DESCRIPTION OF THE TASK:
Return every record below exactly; leave out the images.

MATERIAL SUPPLIED:
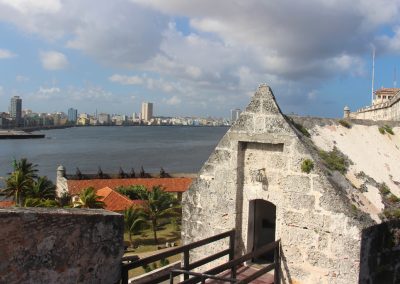 Eingang Castillo de los Tres Reyes del Morro mit Blick auf die Skyline von Havanna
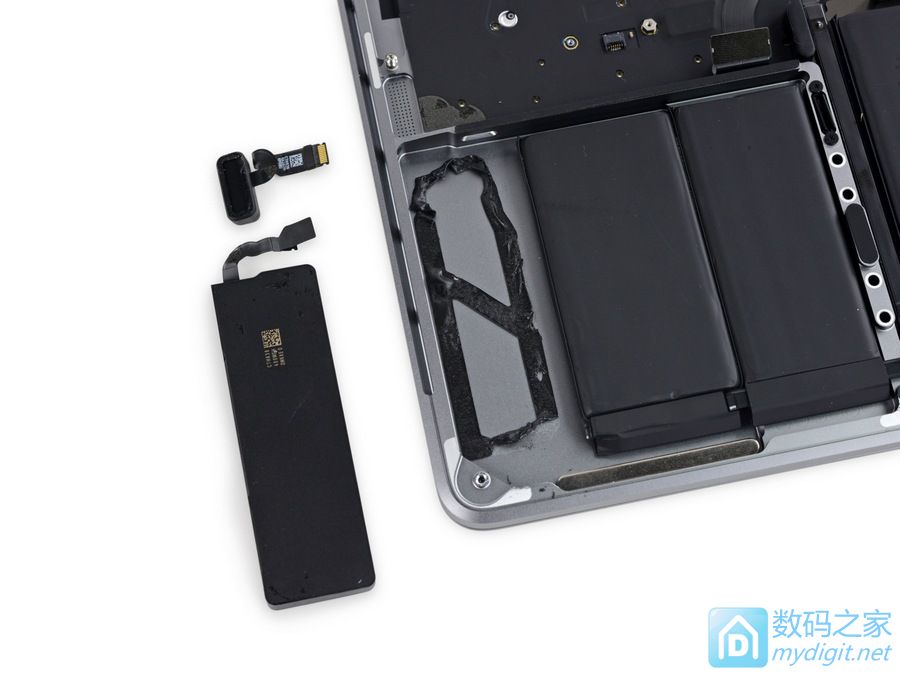 苹果13寸MacBook Pro高配版(带Touch Bar)拆机报告 苹果13寸MacBook Pro高配版(带Touch Bar)拆机报告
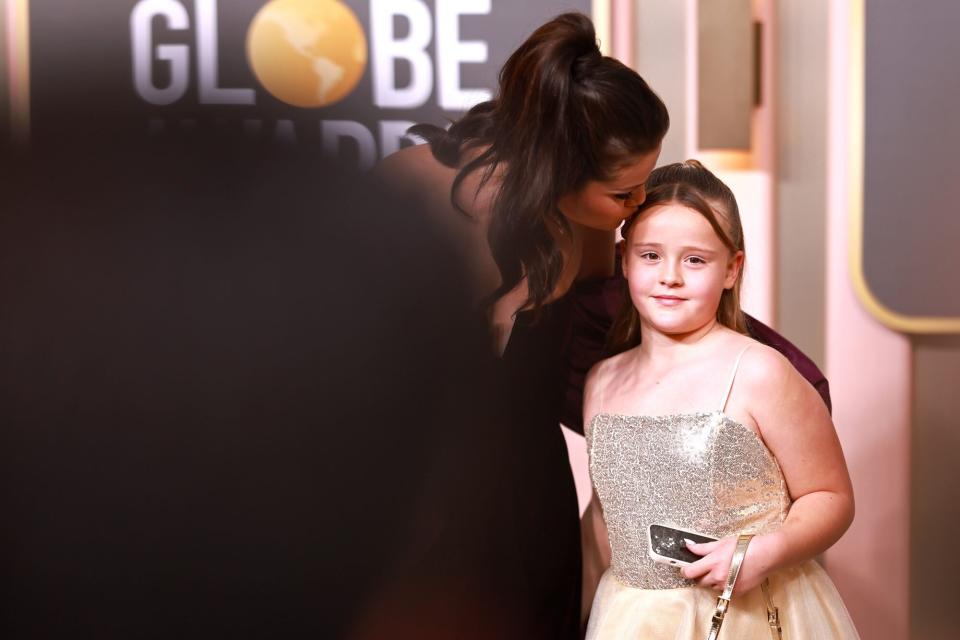 Matt Winkelmeyer/FilmMagic       Selena Gómez lleva a su hermana Gracie Elliot Teefey a los Golden Globes.     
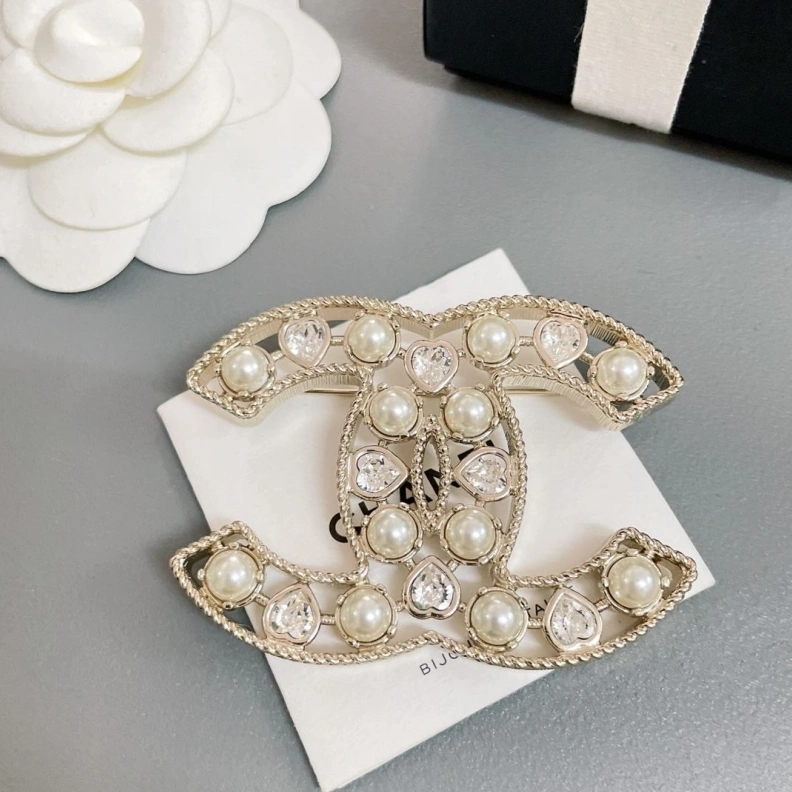 SportInspired Chxnxl Brooches 284630
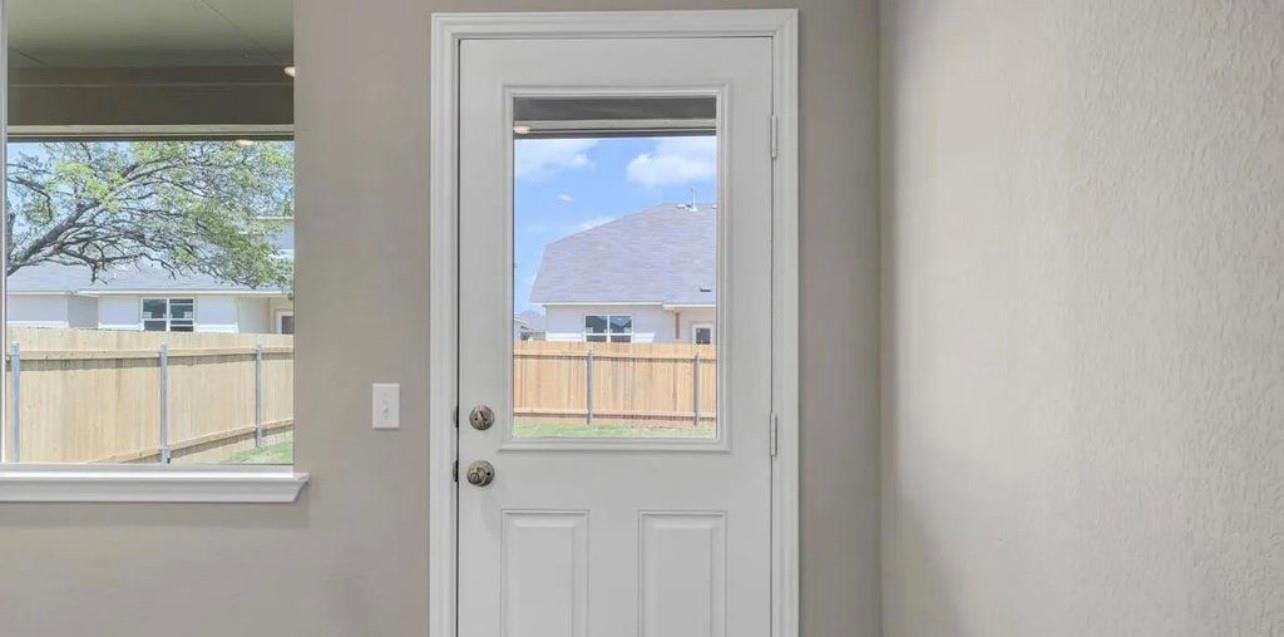 400 Barton Creek Ln, Hutto, TX 78634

ANSWER TO THIS EXERCISE:
 Eingang Castillo de los Tres Reyes del Morro mit Blick auf die Skyline von Havanna
 苹果13寸MacBook Pro高配版(带Touch Bar)拆机报告 苹果13寸MacBook Pro高配版(带Touch Bar)拆机报告
 Matt Winkelmeyer/FilmMagic       Selena Gómez lleva a su hermana Gracie Elliot Teefey a los Golden Globes.     
 SportInspired Chxnxl Brooches 284630
 400 Barton Creek Ln, Hutto, TX 78634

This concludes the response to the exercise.